Asmik Grigorian © Edouard Brane
Attention cependant, « soprano incendiaire » ne signifie pas éruption incessante et volcanique de sons prompte à carboniser le public agrippé à son fauteuil. Si la puissance reste saisissante, le volume n’est sollicité qu’à-propos, lorsque le drame impose de cracher du feu – et ce n’est plus à la Recherche du temps perdu que l’on pense mais à Game of Thrones lorsque Daenerys Targaryen à cheval sur son dragon décime les hordes de Marcheurs blancs. On apprécie alors que L’Instant lyrique ait migré Salle Gaveau en début d’année ; le « dôme étoilé » d’Elephant Paname n’y aurait pas résisté.
Dans un espace moins restreint, l’ampleur devient atout expressif. Manon et Butterfly, incandescentes, contraintes face à leur destin de franchir le mur du son, possèdent une efficacité d’autant plus indéniable qu’entre deux incendies, le chant se consume sans excès en un camaïeu de teintes rougeoyantes. Sous le feu, couvent des braises non moins éloquentes. Cautionnées par des affinités quasi génétiques, Tatiana et Iolanta se révèlent encore plus évidentes. Accompagnateur toujours apprécié, Antoine Palloc adapte son jeu à la température de l’interprétation. Le piano aussi s’enflamme chaque fois que nécessaire.
Dans un récital ininterrompu de plus d’une heure, entrecoupé de quelques mots en anglais et ponctué de longs applaudissements, les bis forment au contraire de l’habitude le maillon faible du programme. Strauss concédé à la dernière minute et « O mio babbino caro » surligné au point de transmuter le babillage sentimental de Lauretta en supplique suicidaire, n’ajoutent rien à la démonstration.

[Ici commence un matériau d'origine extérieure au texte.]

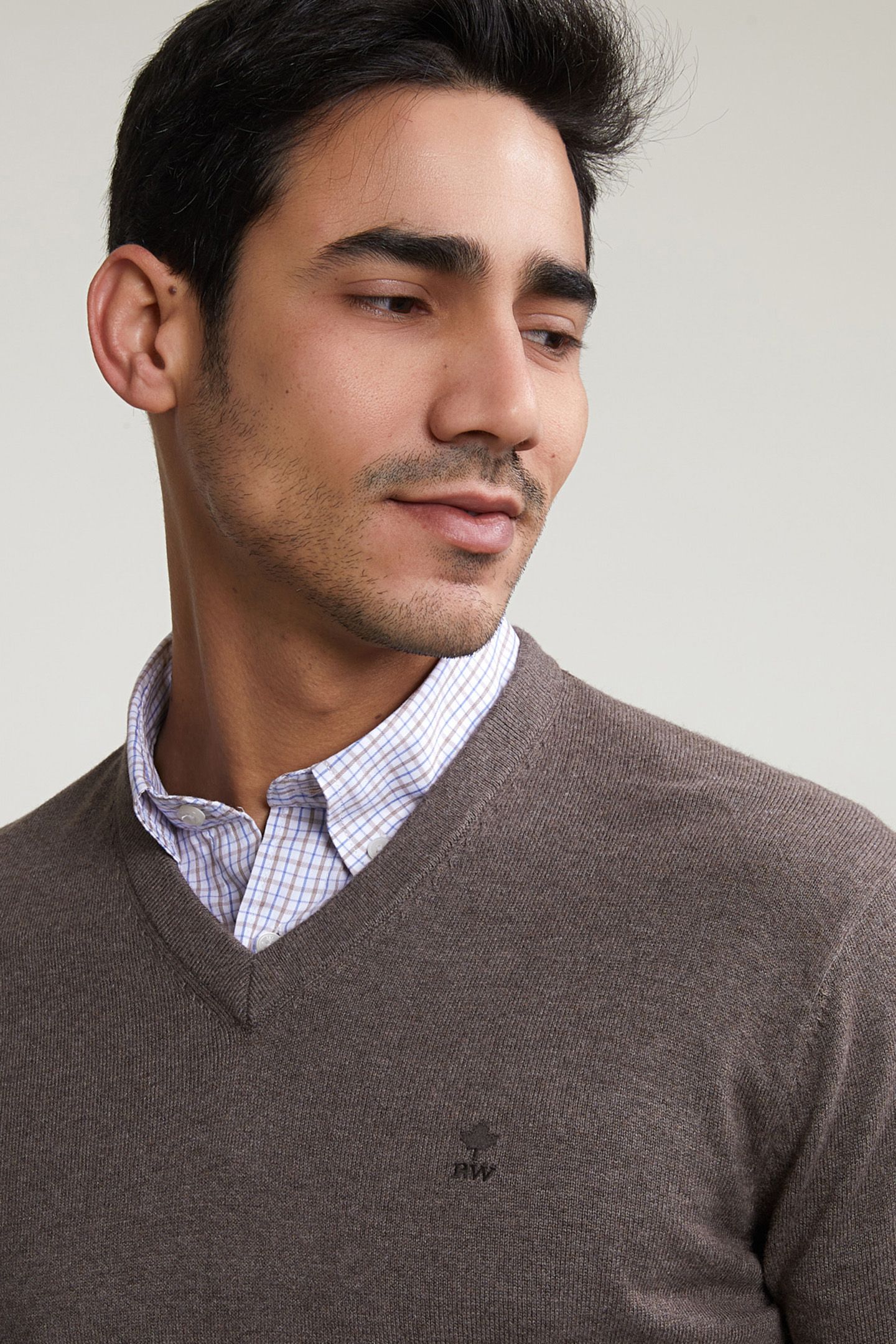 NORMAL FIT BASIC COTTON V-NECK SWEATER CROISSANT MIX 4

Auparavant, Asmik Grigorian aura entrouvert les portes d’un Orient fantasmé avec trois pages de musique arménienne, peu – pour ne pas dire jamais – entendue à Paris. De l’air d’Anoush, opéra en cinq actes devenu emblème national, de « Krunk », mélodie composée par Komitas, théologien et musicologue pris dans la rafle du Dimanche rouge, s’échappent des effluves de parfums d’ailleurs tandis que se dessinent à l’horizon les lignes irrégulières du Petit Caucase, en surplomb des hautes plaines écrasées de chaleur par un soleil que l’on imagine ardent, inévitablement.